The position of complete ignorance is similarly destructive. Winnicott (2005, p.151) and Benjamin (1990, p.43) are very clear that trauma results if caregivers fail to recognise their child’s objective qualities and needs. To adopt the position of radical ignorance also moors one in the realm of the imaginary. As Kohut argues, the ‘idea itself of an inner life’ of others — and, indeed, of psychoanalysis itself — is ‘unthinkable’ without some minimal knowledge of what ‘others think and feel’ (Kohut, 1977, pp.305–306). To wit: even Lacan’s notion of the ‘mirror stage’, that moment that inaugurates the subject’s alienation from reality and which supports Fink’s (2014) arguments against understanding, is based on Lacan’s imagined, ‘vicarious introspection’ (Kohut, 1977, p.306) of what the infantile ‘subject feels’ when confronted with its specular image (Lacan, 2006, p.76, emphasis added). To argue against understanding, one must nevertheless understand. As such, both omniscience and pure ignorance are inadequate and destructive to our perceptions of the other, who exceeds and survives such epistemic fantasies.
‘Destruction,’ Benjamin writes, ‘essentially constitute[s] recognition’ (2000, p.298). It is therefore through the ‘negation’ (Benjamin, 1990, p.39) of our destructive epistemic fantasies that we find our knowledge of the other subject ‘objectively perceived’ (Benjamin, 1990, p.41).
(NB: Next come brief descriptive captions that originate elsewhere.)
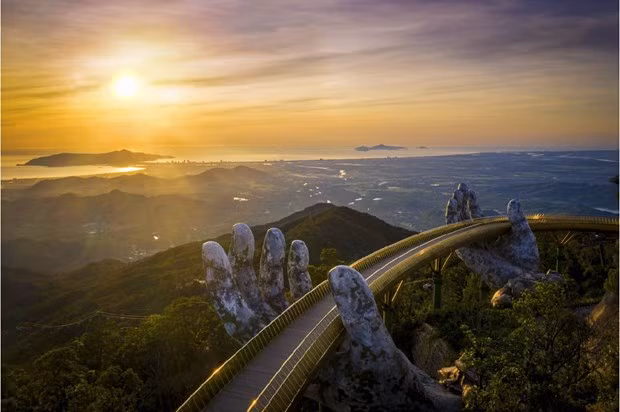 El Puente Dorado en Da Nang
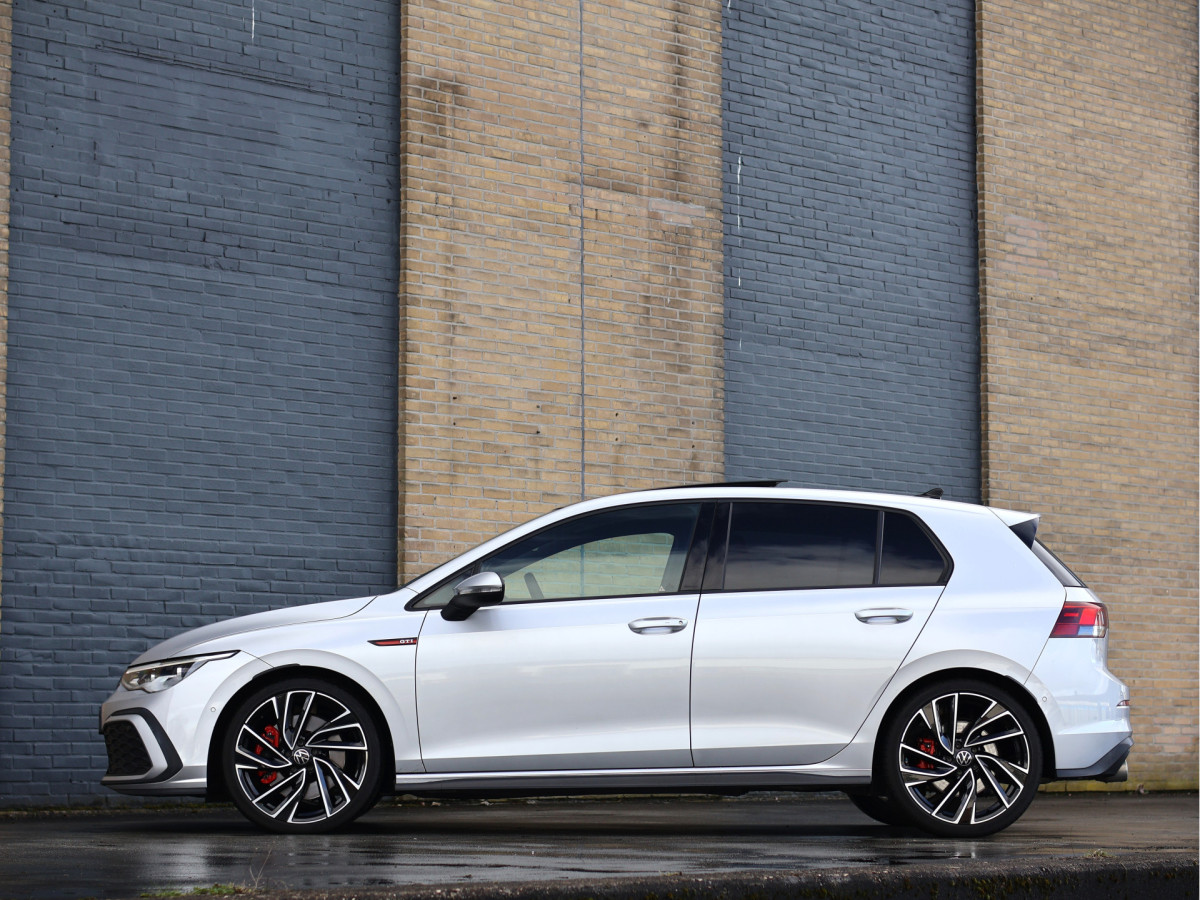 Volkswagen Golf 8 2.0 TSI GTI DSG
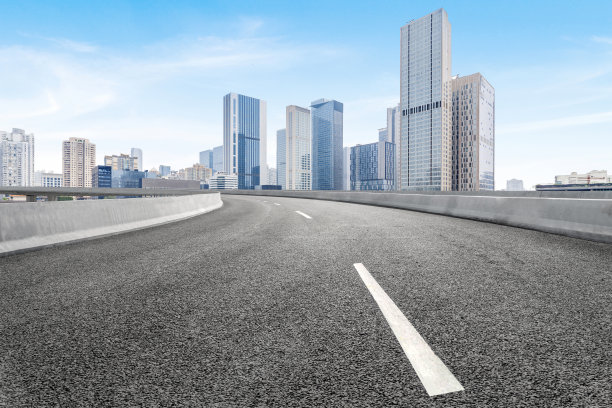 空旷的公路与城市景观和天际线的成都，中国。图片下载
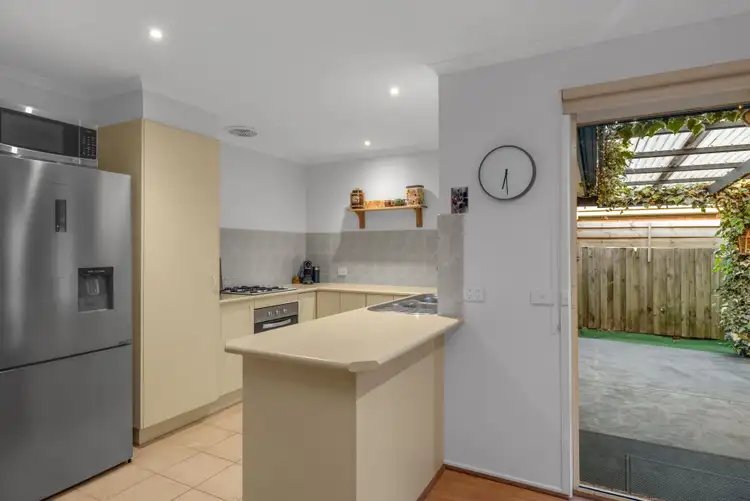 Third view of Homely house listing, 7 Benor Court, Pakenham VIC 3810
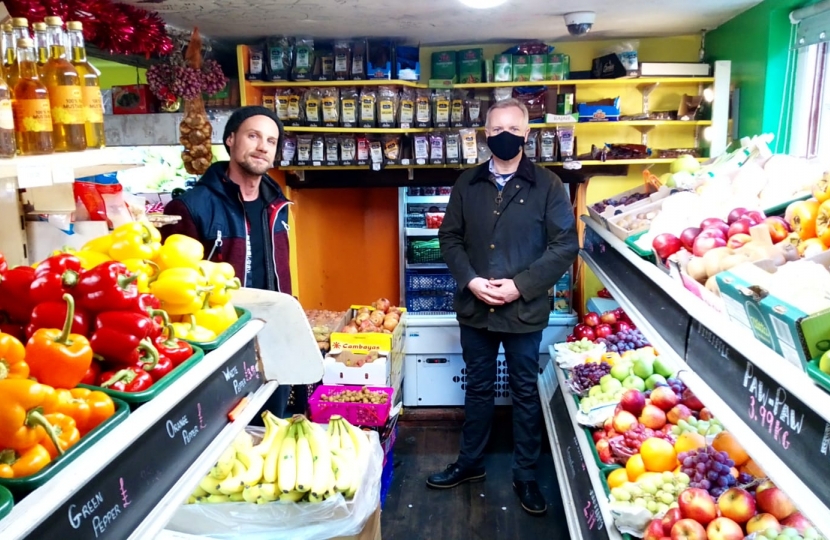 Rob Butler MP for Aylesbury visiting Fruity Tooty Grocers 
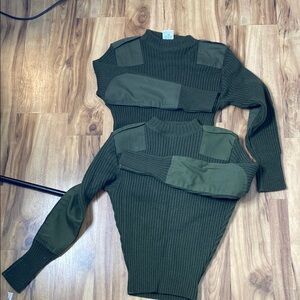 2 Sweater size 38 - USMC marine Corps military 100% wool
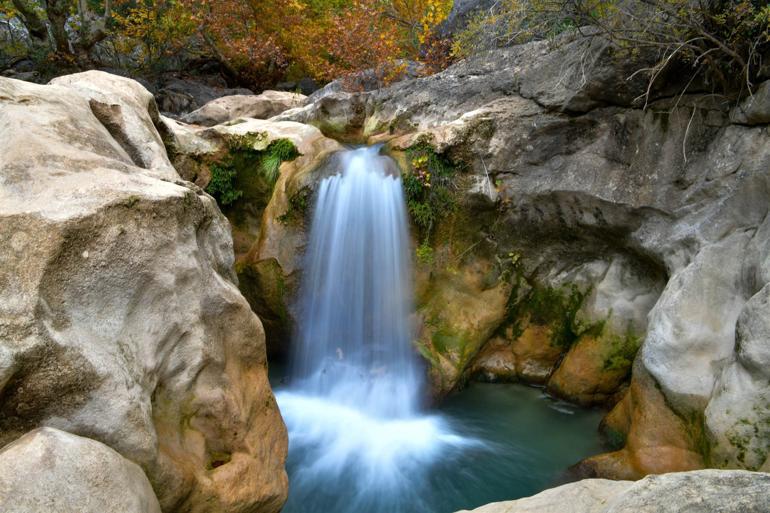 Yazılı Kanyon Tabiat Parkı, doğal güzelliğiyle büyülüyor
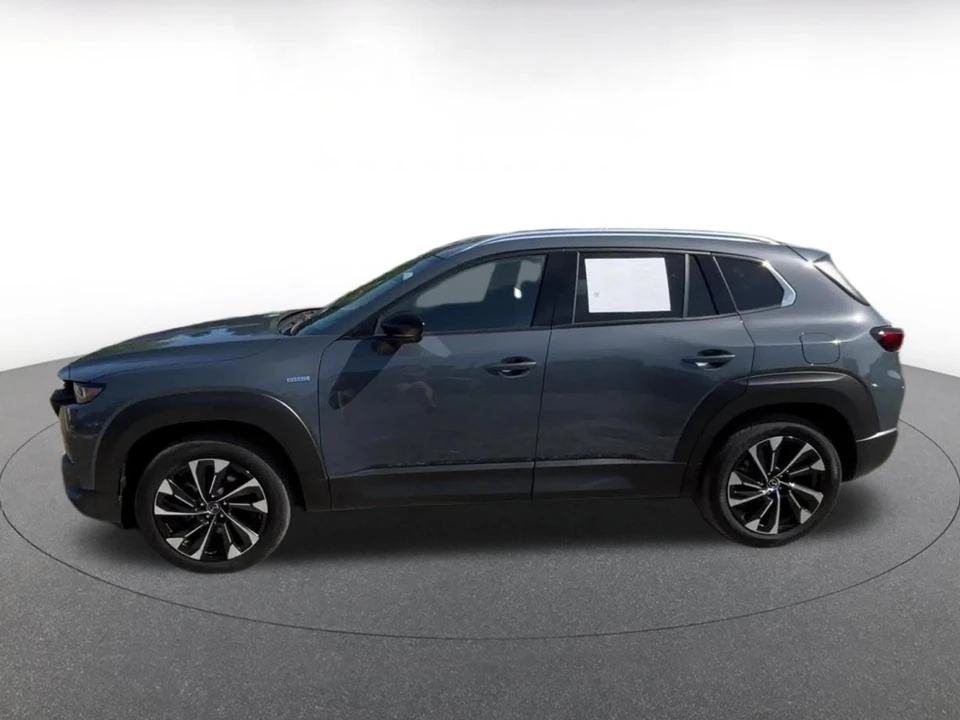 2025 Mazda CX-50 - Image 8 of 31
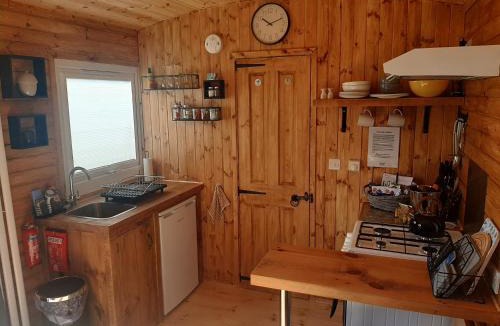 Malltraeth House | Anglesey new modern shepherds hut with spa hot tub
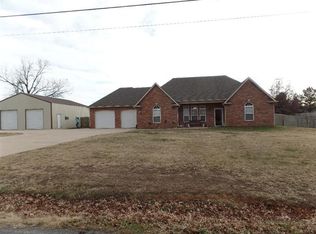 21015 Arkotex Rd, Siloam Springs, AR 72761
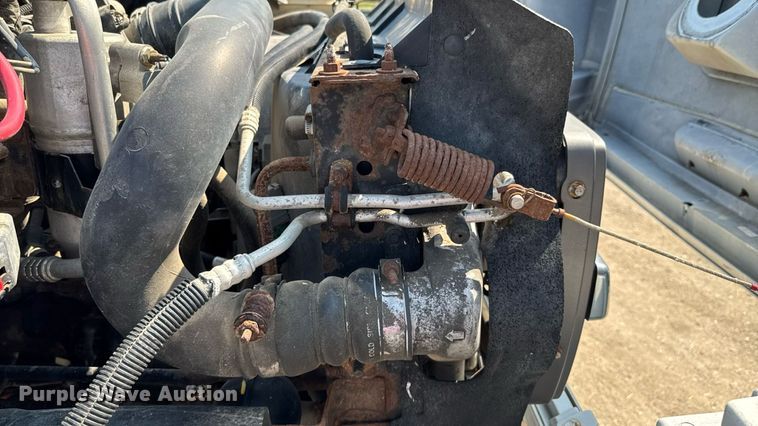 image for item DU9323 2009 Chevrolet C5500 dump flatbed truck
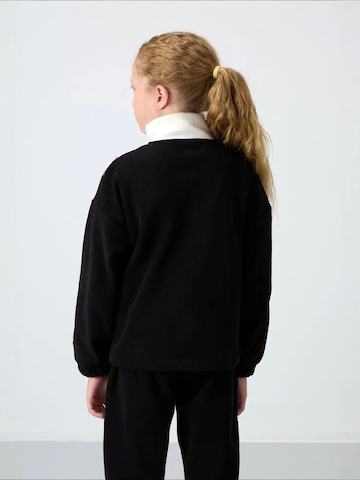 Sweat-shirt 'TOMMY Unisex Jugend-Oversize Color-Blocked Sweatshirt' Tommy Life en mélange de couleurs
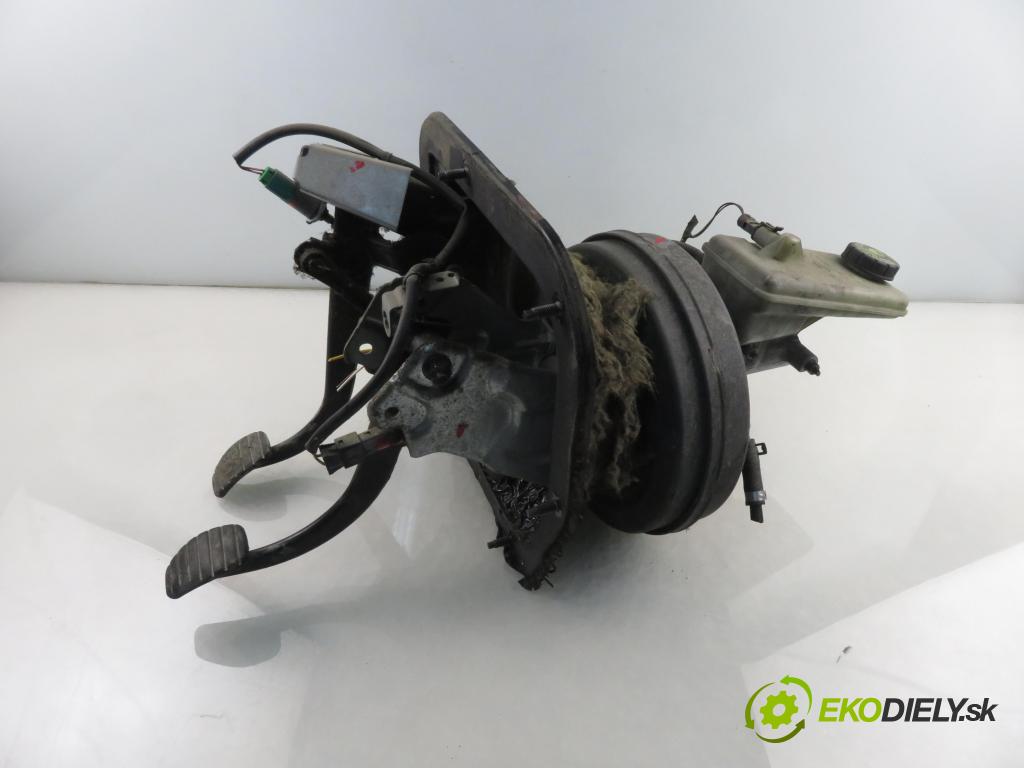 RENAULT TRAFIC II Autobus (JL) BUS 2005 74,00 1.9 dCI 100 (JL0C) - F9Q 760 1870,00 preloženie 8200300847 ; 93852216 ; 8200460941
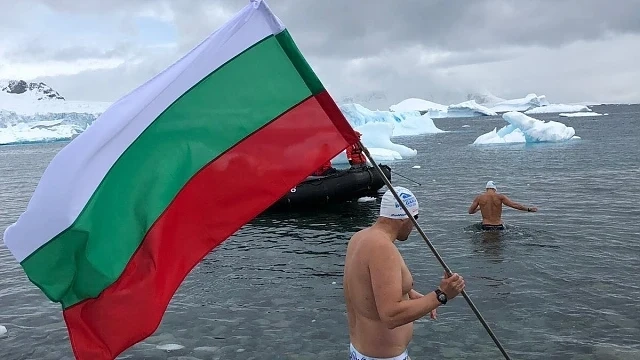 Стойчев развя българското знаме в ледените води на Антарктида 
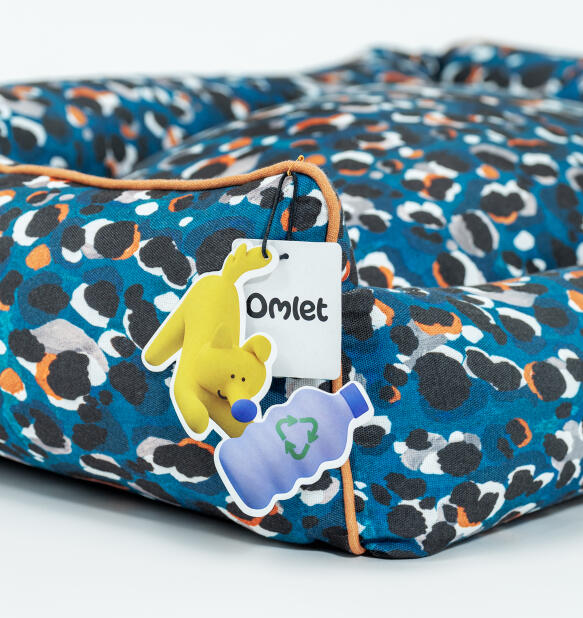 detail of rpet label on sustainable dog bed from omlet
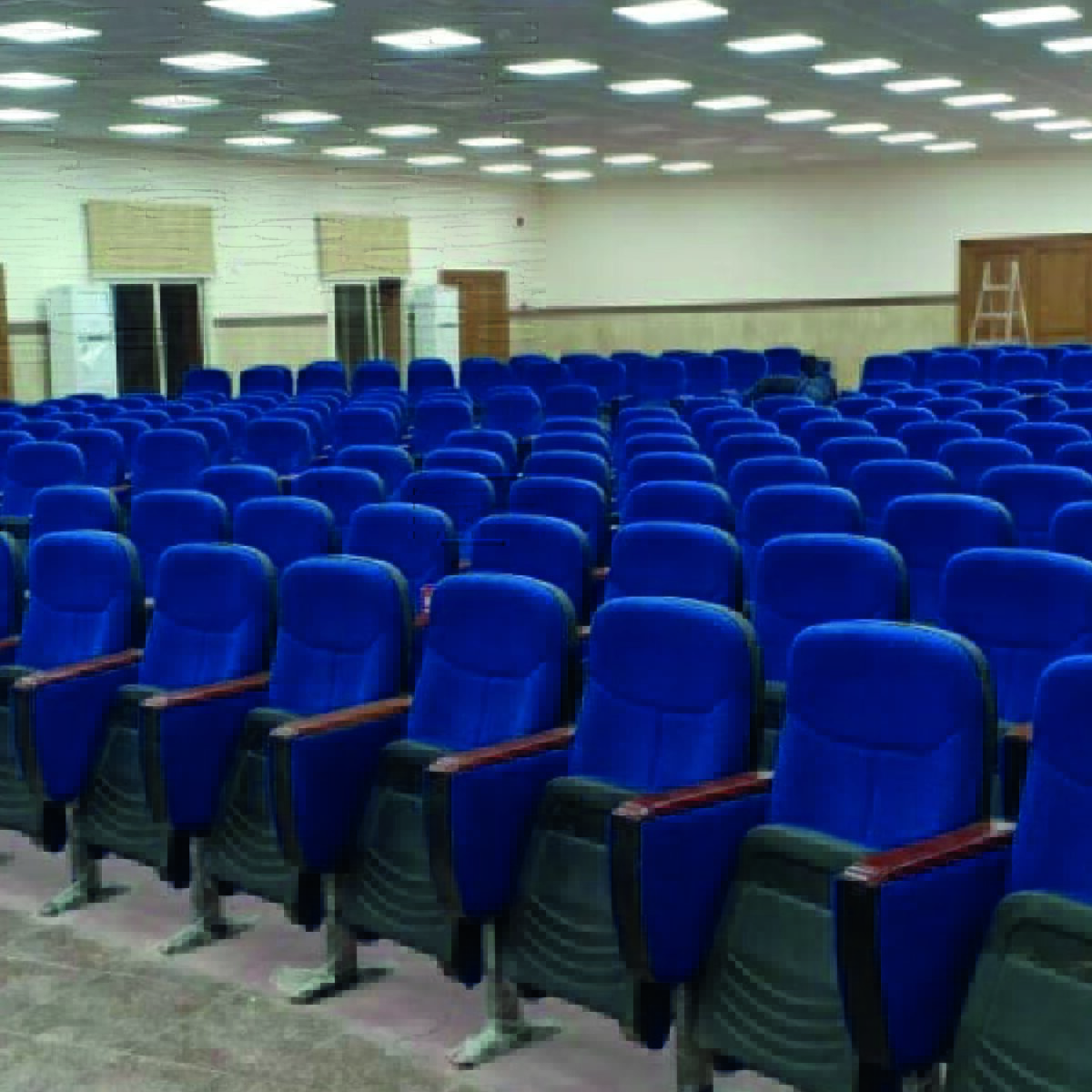 Auditorium chairs - Image 9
Like the transitional object, the objectively perceived subject has a paradoxical quality (Winnicott, 2005, pp.xvi & 19). We both cannot know the other fully and cannot fully not know them, so we must know and refuse to know them partially. Empathetic understanding in Winnicott’s work is thus a residual and intermediate knowledge, derived apophatically, that we must constantly parse from our illusions and reinforce through repeated destructive fantasies (2005, p.18). It is never complete or certain: nonetheless, if Winnicott’s theory of transitional phenomena is correct, we must also accept empathetic imagination can reveal something of the subject ‘objectively perceived’. Empathy delivers an understanding of others that hovers in that transitional space between knowledge and ignorance.
‘From birth,’ Winnicott once wrote, humans are ‘concerned with the problem of the relationship between what is objectively perceived and what is subjectively conceived of’ (2005, p.15). Though his writings fail to show how we come to know other ‘subjects objectively perceived’, Winnicott’s theory of transitional phenomena can accommodate the empathetic process that allows us ‘to grasp the other as having a separate yet similar mind’ (Benjamin, 2004, p.5). Transitional phenomena and destructive epistemic fantasies ‘make it possible to address the otherness of reality’ (Rodman, in Winnicott, 2005, p.xiv); they also make it possible to address the realness of others. Far from lacking in ‘epistemological innovation’ (Bitan, 2012, p.35), then, Winnicott’s work contains an internally consistent and original developmental theory of empathetic knowledge. With his theory of transitional objects, Winnicott confronts the ‘troublesome legacy of intrapsychic’ (Benjamin, 1990, p.34) psychoanalytic writings like Lacan’s that seemingly ‘preclude’ empathy (Hamburg, 1991, p.360) — perhaps the most essential of transitional phenomena that enrich reality with the imaginary.